I have tried to stay away from talk about health care reform as much as possible. I find the clinical aspects of medicine and the people I serve far more fascinating than those who are involved in trying to make our health care system work better. For one thing, I believe if doctors spent more time serving patients and less time worrying about how to make more money, even our current system would be a better one.

In a meeting I was recently required to attend, I saw this problem up close. Present at the meeting were several physicians who have been practicing medicine about as long as I. They were in several hospital based specialities. The discussion was not about a great new discovery in medical care which would improve quality or limit suffering. The sole purpose of this meeting was to present a new financial venture between three large physician groups and the hospital.
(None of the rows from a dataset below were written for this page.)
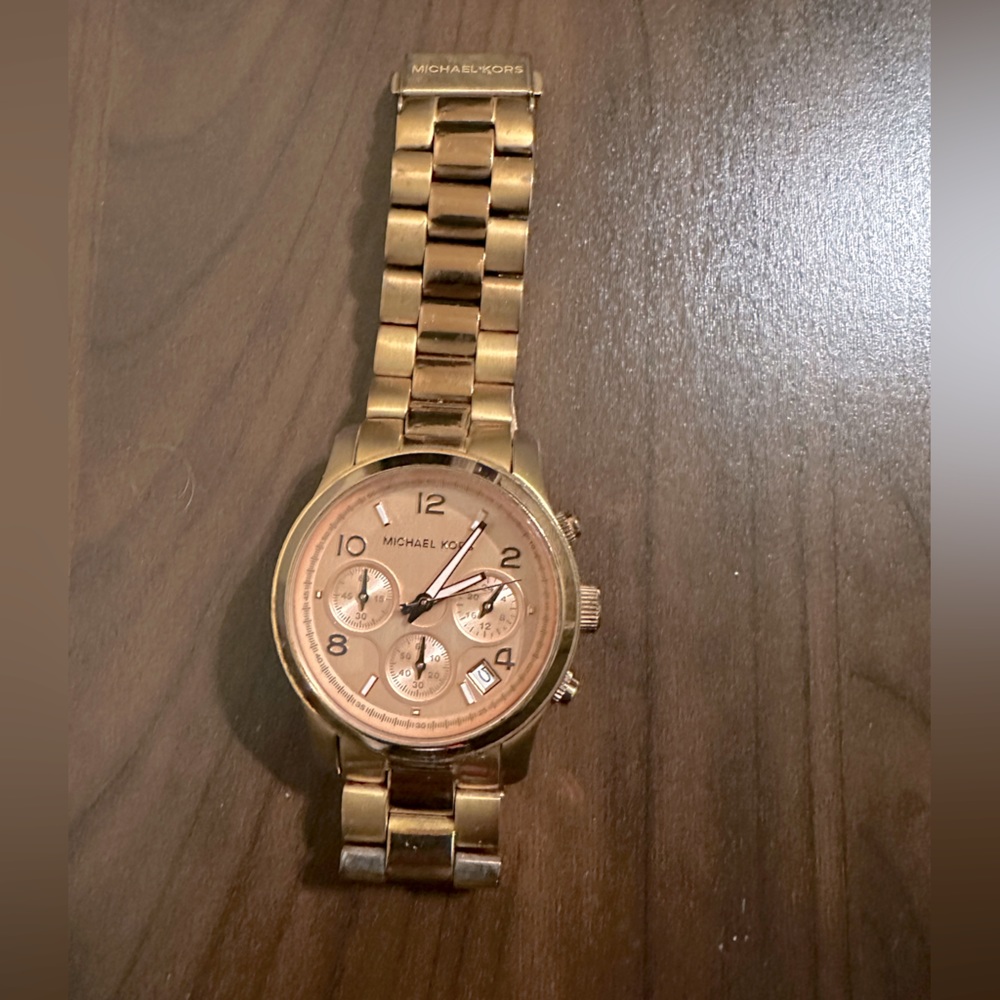 Michael Kors rose gold watch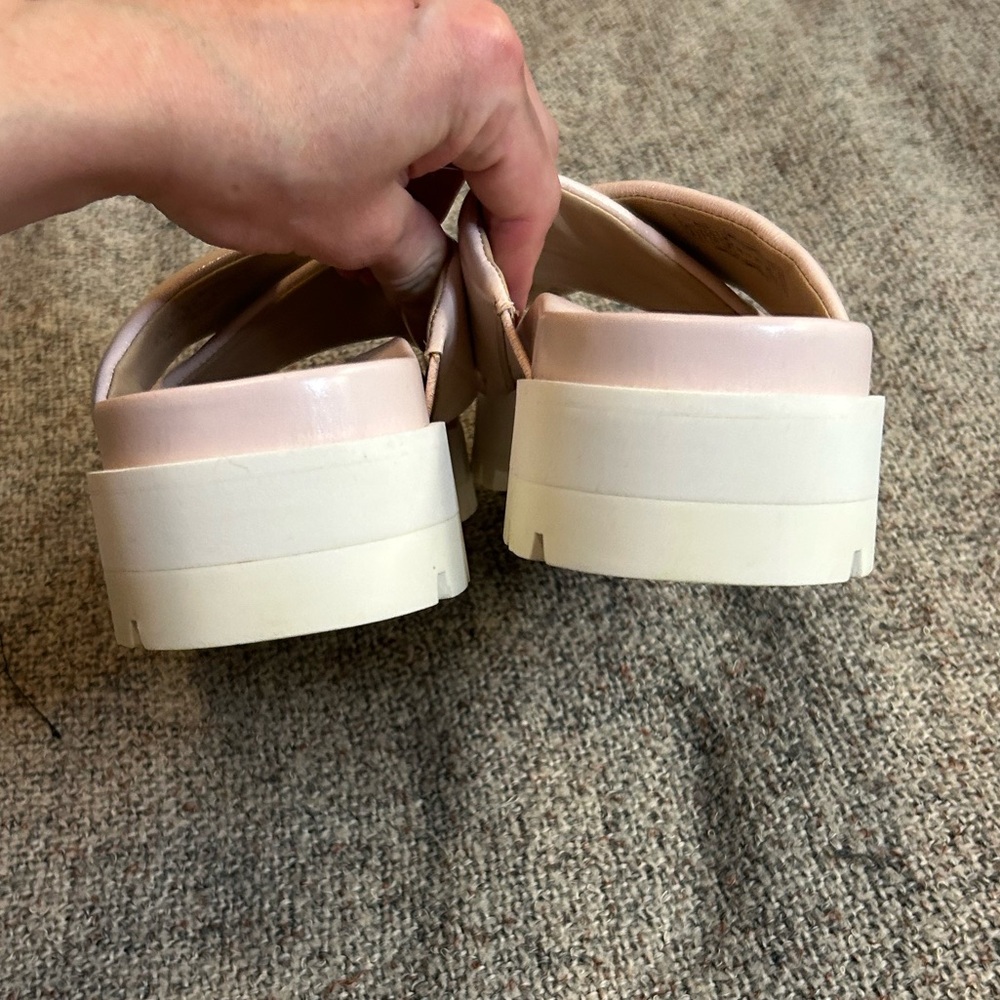 Vionic Platform Vesta Leather Sandal in Baby Pink - Picture 3 of 5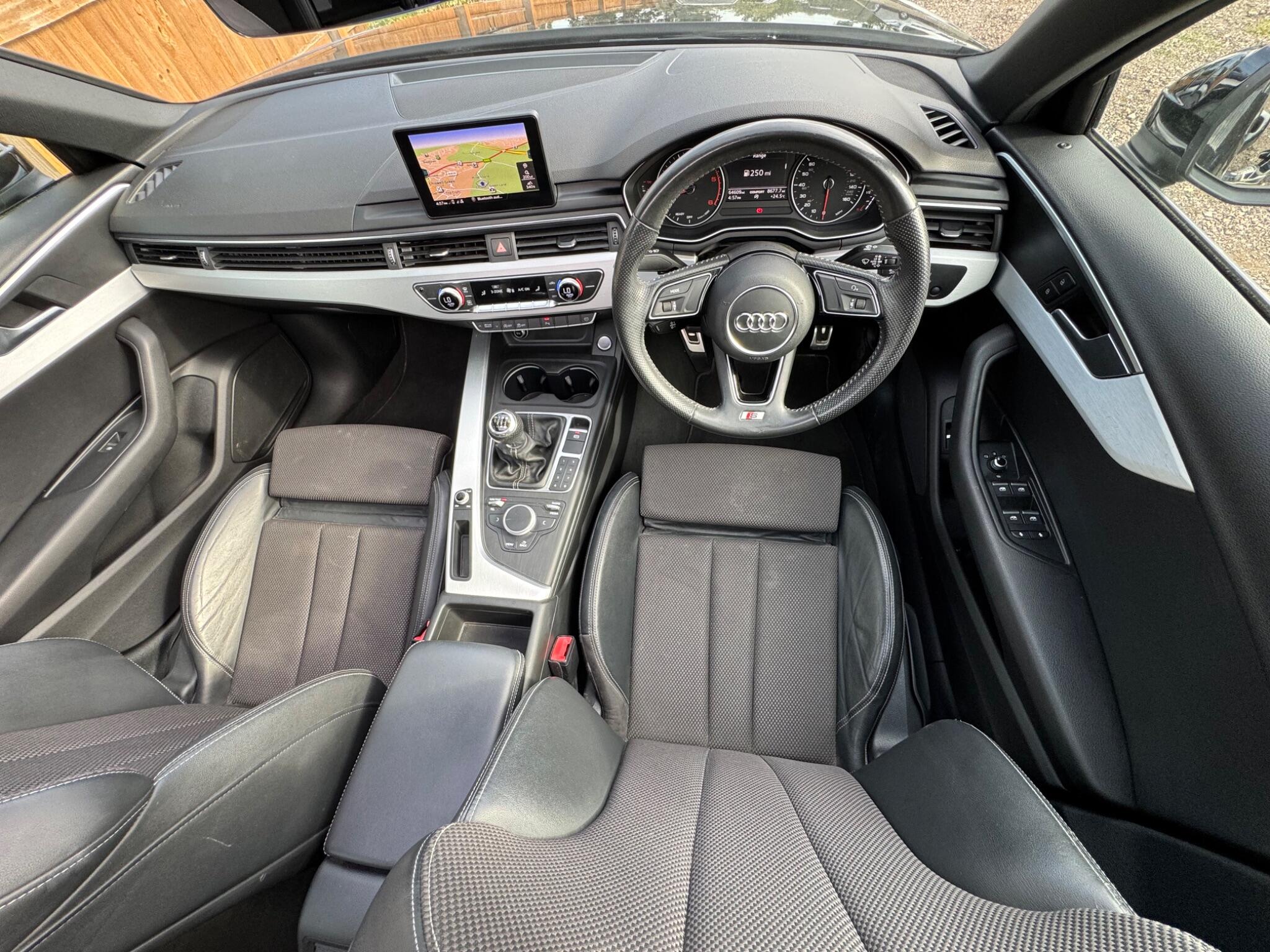 Audi A4 view 14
If I could have titled the meeting, it would be: "How to get more money for those who already have too much." I say this because all of the speakers have 7 figure salaries supplemented by investments in pharmaceutical companies, device makers, and surgery centers. I was particularly thrilled to hear this group has "hired a national law firm experienced in defending against legislation which makes [ventures such as this one] illegal."

Please understand, I see many problems with pharmaceutical companies, insurance carriers, and hospital systems. Yet, when our brightest, most energetic physicians are rushing to get an MBA and become managers in these new business rather than spending their energies in direct patient care, something is wrong with the profession. It also explains why my primary care colleagues are selling vitamin supplements and preforming LASER hair removal to supplement their office income.